Syntax as it is
Since Chomsky and the transformational grammar, linguists have formalized in a number of ways the structure of human language. These formalizations can be grouped under the name of formal cognitive grammars: formal, because they can be interpreted by a computer, cognitive, because a lot of studies prove that this is the way our brain works, for instance, when learning a language.
We believe that any Artificial intelligence performing natural language understanding tasks should be based on this cognitive modelling of the language.
Deep Learning and Syntax
Most of black box deep learning based models go directly from the raw input to the solution of the problem. For instance in a sentiment extraction application they will start from a sentence, transform it in a sequence of numbers and output a label such as POSITIVE,NEGATIVE, NEUTRAL.

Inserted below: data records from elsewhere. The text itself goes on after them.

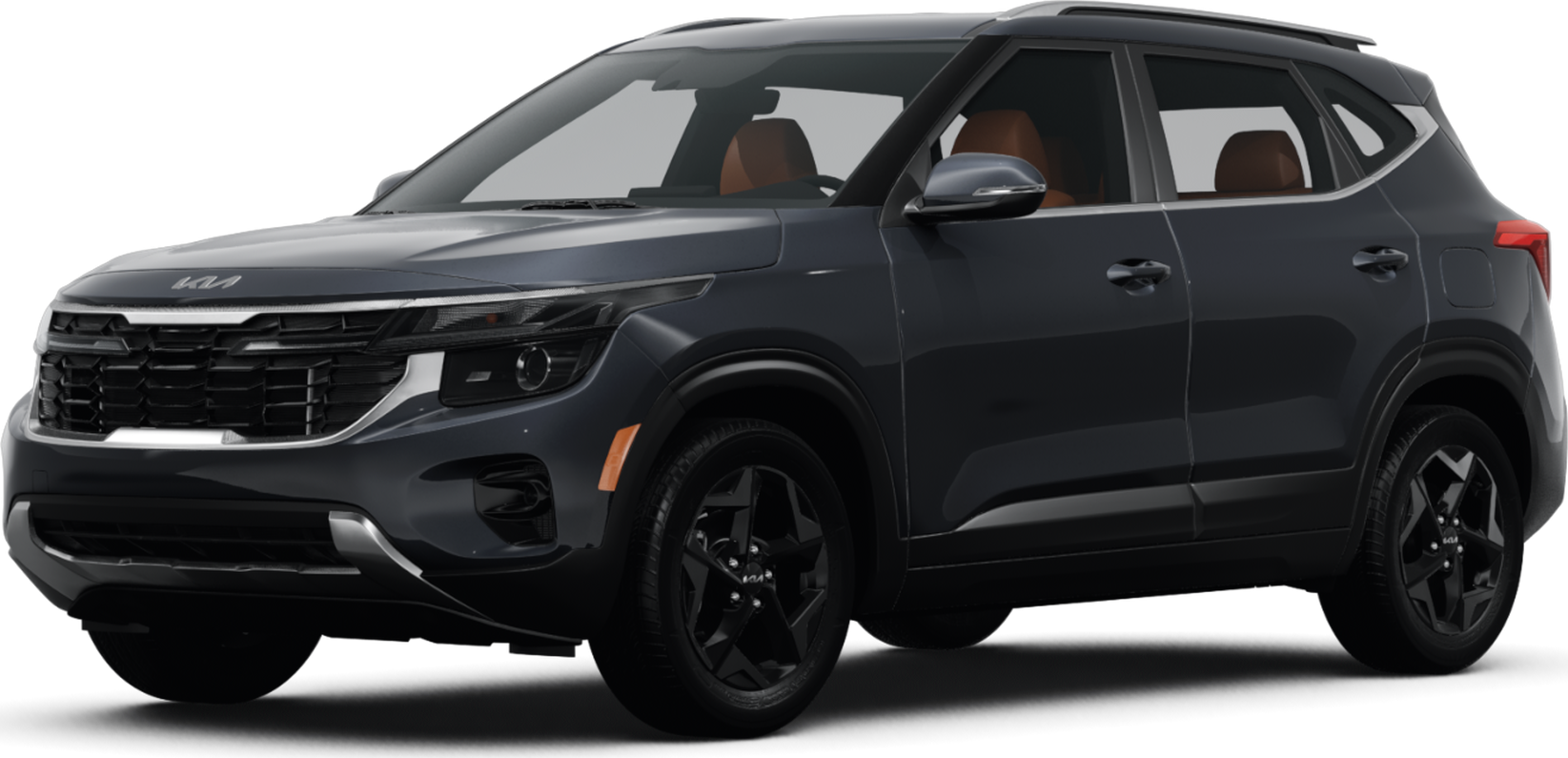 2025 Kia Seltos?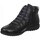 Cipők Női Csizmák Pitillos BOKACSIZMA  2711 Fekete 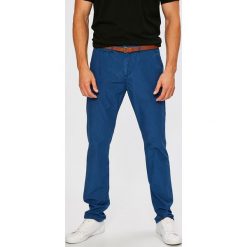 Guess Jeans - Spodnie. Eleganckie spodnie marki Guess Jeans. W wyprzedaży za 269.90 zł.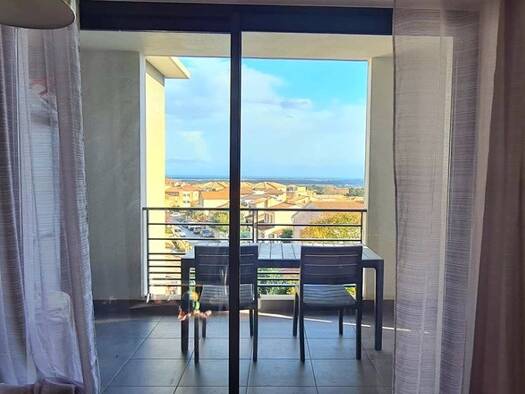 Appartement à vendre 165 000 € 2 pièces 1 chambre 42 m² Étage 2/2 Borgo 20290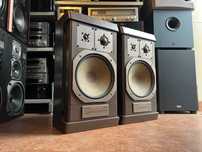 Kolumny Grundig Box M1500 monitory podłogowe, Audio Room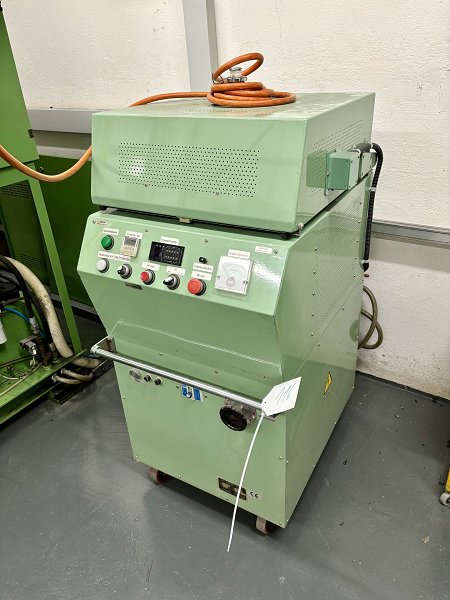 HISEN HDP/33R Preheating system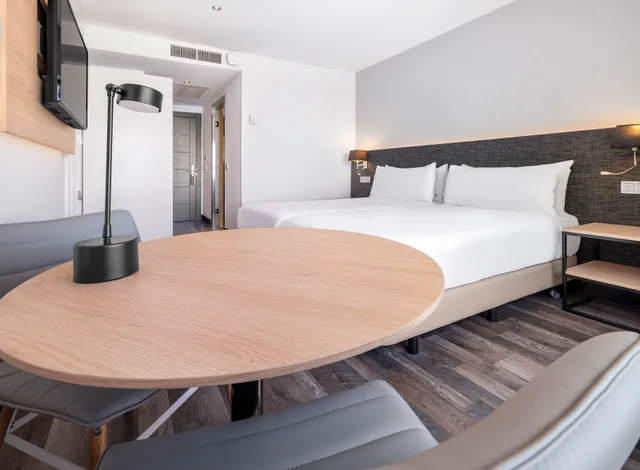 غرفة بإطلالة على البحر، Hotel Cadiz Paseo Del Mar Affiliated By Melia 10/10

The problem is that, however good the approach is, it is intrinsically unable to explain why a certain label was predicted. Our layered approach, on the contrary, uses intermediate, intelligible structures, including syntactic representation. In particular, it makes use of syntactic representations inspired by the Dependency Grammar: by oversimplifying, we could say that the system is able to recognize familiar concepts such as subject, direct object, temporal complements etc. These intermediate representations are crucial to interpretability: for instance in “This is the movie that Mary dislikes” we are able to justify a NEGATIVE label assigned to "movie” by showing that the AI understood that "this" is the direct object of "dislike" and that "this" refers to movie.
Deep learning, in our syntactic AI, is just a way to produce intelligible representations. On this sense our approach is inspired by Mrini et al. 2020 (“Rethinking Self-Attention:Towards Interpretability in Neural Parsing”)
And the Human?
According to our philosophy, it should always be possible to modify the output of an AI, in a symbolic (rule-based) way. So on top of our syntactic layer we have a layer of rules written by our linguist, which are used, for instance to correct certain errors, or enhance certain representations.
Those rules are also fundamental for guaranteeing the robustness of our solutions, which must be able to cope also with noisy texts (social networks, SMS, speech transcription).